As a queer Senegalese-American artist, my practice engages strategies of coded language and restricted access. In contexts where queer identities are often erased or criminalized, opacity and abstraction become tools of protection as much as expression. Central to this investigation is The Maad Code, an alphabet I invented derived from the maad fruit (Saba senegalensis). Through this evolving system, I explore how ancestral knowledge, myth, and embodied gesture can form alternative structures of communication beyond colonial alphabets and archives. 

Drawing on my diasporic experience, I find inspiration in African and African American histories, as well as mythological traditions that understand time as cyclical and expansive. These references allow my work to imagine archives that simultaneously hold care, secrecy, and resilience.

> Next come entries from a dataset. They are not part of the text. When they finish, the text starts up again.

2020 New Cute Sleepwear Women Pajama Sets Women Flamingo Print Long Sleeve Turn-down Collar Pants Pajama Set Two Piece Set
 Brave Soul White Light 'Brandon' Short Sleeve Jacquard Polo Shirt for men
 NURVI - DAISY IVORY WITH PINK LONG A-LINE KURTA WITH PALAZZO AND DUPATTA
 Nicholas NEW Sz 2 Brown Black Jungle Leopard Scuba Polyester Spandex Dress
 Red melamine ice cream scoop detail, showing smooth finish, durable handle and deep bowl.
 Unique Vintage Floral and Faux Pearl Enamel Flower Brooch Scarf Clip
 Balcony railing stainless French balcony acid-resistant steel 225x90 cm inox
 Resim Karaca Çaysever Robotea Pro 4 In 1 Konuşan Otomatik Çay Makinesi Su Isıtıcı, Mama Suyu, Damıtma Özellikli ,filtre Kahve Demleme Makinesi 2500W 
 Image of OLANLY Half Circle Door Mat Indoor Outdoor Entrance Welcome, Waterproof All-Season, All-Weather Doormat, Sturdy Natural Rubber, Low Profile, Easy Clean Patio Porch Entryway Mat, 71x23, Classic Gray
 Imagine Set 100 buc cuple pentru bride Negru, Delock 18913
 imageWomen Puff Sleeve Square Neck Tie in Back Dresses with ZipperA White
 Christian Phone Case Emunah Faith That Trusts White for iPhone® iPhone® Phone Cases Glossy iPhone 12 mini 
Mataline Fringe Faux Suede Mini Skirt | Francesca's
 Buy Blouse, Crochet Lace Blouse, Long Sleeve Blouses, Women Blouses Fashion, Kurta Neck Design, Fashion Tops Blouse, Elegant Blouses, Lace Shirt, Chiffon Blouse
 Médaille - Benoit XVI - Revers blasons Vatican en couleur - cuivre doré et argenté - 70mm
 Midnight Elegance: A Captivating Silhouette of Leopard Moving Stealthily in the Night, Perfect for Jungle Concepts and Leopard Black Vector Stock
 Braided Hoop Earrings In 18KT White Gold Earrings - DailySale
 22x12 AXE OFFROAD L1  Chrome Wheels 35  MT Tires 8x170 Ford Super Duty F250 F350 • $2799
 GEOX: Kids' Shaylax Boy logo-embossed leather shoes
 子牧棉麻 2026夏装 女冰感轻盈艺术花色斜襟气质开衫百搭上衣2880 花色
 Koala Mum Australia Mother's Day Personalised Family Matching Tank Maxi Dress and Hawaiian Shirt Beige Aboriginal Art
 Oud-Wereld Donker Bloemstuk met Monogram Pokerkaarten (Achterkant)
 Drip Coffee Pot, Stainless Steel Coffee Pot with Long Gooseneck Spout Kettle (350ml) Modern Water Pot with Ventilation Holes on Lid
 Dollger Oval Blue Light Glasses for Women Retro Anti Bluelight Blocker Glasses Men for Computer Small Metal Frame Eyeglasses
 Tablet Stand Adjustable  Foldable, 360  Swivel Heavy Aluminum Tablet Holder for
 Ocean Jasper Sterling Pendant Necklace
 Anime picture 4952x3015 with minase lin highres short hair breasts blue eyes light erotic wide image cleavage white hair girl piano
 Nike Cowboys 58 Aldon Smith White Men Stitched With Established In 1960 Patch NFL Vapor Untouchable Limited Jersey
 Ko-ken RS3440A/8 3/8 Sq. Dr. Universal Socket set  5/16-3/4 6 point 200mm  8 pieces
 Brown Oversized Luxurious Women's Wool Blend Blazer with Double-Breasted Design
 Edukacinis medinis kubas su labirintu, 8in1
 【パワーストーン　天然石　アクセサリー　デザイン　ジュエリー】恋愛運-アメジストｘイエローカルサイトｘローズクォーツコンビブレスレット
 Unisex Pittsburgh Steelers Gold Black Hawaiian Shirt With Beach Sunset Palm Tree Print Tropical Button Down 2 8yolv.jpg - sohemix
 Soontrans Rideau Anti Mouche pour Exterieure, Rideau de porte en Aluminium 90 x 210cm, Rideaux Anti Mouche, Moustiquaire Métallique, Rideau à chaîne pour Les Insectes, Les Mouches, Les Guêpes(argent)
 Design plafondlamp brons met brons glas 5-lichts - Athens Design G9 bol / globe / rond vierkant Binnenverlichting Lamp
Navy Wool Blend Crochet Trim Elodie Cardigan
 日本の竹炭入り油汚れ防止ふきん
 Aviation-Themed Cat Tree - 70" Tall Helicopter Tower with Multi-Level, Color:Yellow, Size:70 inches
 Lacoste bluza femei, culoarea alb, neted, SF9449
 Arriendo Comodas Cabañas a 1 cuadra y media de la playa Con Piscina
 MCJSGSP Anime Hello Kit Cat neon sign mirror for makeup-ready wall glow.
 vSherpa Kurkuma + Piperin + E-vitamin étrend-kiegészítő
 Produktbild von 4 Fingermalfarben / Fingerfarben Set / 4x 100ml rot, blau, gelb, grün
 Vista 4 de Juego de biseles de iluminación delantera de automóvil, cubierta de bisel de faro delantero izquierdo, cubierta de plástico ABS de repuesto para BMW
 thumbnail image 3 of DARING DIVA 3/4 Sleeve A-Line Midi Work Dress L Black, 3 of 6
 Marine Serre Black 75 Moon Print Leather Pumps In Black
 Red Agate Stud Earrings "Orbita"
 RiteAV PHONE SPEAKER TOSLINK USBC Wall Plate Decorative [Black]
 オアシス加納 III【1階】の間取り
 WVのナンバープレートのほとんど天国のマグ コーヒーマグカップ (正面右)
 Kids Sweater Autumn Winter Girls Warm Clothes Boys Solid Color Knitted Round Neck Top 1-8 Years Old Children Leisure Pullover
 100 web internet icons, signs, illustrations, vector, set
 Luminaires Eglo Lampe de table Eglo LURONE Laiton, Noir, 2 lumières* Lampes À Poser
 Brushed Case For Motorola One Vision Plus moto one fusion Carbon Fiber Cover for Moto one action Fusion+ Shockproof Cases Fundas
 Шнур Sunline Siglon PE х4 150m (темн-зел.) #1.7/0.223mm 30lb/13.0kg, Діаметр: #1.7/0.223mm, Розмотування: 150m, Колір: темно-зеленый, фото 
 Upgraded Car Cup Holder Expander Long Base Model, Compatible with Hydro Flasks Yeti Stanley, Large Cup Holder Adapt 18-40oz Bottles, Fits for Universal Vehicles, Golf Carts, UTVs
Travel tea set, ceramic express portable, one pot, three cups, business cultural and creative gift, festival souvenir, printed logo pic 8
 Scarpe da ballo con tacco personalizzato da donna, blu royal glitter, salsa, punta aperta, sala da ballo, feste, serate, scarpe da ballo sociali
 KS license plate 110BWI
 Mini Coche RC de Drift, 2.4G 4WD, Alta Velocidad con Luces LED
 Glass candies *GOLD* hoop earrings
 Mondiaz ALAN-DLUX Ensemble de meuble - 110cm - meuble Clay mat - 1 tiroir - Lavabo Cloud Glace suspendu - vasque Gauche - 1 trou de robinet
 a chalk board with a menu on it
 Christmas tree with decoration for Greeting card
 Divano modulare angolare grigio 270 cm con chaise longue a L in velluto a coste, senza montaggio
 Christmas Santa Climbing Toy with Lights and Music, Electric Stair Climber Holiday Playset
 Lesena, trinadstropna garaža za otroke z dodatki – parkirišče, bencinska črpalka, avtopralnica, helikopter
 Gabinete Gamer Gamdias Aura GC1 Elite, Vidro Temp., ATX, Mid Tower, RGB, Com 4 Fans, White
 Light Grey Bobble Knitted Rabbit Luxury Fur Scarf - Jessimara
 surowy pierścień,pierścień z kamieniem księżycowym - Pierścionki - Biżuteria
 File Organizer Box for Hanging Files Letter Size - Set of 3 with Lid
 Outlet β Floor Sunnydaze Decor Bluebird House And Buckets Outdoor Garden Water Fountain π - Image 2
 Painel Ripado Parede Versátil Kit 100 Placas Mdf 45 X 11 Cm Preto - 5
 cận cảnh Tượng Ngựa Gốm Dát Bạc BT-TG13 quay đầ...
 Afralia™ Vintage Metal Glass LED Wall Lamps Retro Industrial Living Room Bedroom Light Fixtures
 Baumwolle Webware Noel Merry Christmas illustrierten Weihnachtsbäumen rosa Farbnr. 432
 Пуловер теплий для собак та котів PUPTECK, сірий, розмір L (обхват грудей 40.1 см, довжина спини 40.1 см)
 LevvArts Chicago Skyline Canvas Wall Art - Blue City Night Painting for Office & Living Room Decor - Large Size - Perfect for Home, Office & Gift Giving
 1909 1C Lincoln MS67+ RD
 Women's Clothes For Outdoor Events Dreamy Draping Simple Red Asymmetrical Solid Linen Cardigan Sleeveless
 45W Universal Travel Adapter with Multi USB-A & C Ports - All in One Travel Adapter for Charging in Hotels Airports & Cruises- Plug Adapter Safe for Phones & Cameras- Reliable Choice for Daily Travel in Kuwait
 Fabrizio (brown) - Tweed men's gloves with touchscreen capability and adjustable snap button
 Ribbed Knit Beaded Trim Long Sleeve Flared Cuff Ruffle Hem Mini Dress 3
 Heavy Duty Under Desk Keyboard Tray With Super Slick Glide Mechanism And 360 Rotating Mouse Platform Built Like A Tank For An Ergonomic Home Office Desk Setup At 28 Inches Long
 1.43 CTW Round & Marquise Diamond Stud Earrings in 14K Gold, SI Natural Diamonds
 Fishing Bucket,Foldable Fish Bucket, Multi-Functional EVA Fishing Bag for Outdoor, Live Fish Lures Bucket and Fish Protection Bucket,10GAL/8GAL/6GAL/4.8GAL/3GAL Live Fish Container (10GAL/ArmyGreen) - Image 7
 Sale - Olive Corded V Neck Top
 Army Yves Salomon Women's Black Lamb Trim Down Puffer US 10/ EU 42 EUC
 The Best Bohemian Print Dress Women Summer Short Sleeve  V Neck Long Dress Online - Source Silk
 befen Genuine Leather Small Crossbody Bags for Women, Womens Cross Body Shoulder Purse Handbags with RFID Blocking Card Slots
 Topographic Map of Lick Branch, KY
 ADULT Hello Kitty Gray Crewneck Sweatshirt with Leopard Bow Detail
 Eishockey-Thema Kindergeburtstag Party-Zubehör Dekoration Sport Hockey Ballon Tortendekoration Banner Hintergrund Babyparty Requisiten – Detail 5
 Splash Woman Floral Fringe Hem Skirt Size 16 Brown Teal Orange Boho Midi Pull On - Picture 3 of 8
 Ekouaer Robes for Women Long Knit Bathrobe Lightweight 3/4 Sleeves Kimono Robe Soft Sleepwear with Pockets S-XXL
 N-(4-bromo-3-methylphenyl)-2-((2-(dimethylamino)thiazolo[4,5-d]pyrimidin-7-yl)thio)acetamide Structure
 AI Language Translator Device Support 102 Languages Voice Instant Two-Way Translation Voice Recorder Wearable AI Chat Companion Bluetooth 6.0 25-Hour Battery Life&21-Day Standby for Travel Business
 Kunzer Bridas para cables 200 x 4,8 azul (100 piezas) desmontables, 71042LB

My multidisciplinary practice treats language as both material and structure: constructed, protected, and selectively revealed. With each piece functioning as both an archive and a vessel, my work encompasses layered, textural visual containers, including sculpture, language, moving image, sound, oil pastel drawings, and works on paper.  Across these media, I explore how abstraction, ornament, and restraint can carry layered meaning, and how subtle gestures can communicate flamboyance through texture, color, and form.

Ultimately, my practice is rooted in the celebration and cultivation of queer liberation. Through material hybridity, coded abstraction, and portraiture, I aim to construct visual languages that honor memory while imagining futures in which queer identities are not only visible but protected, cherished, and free.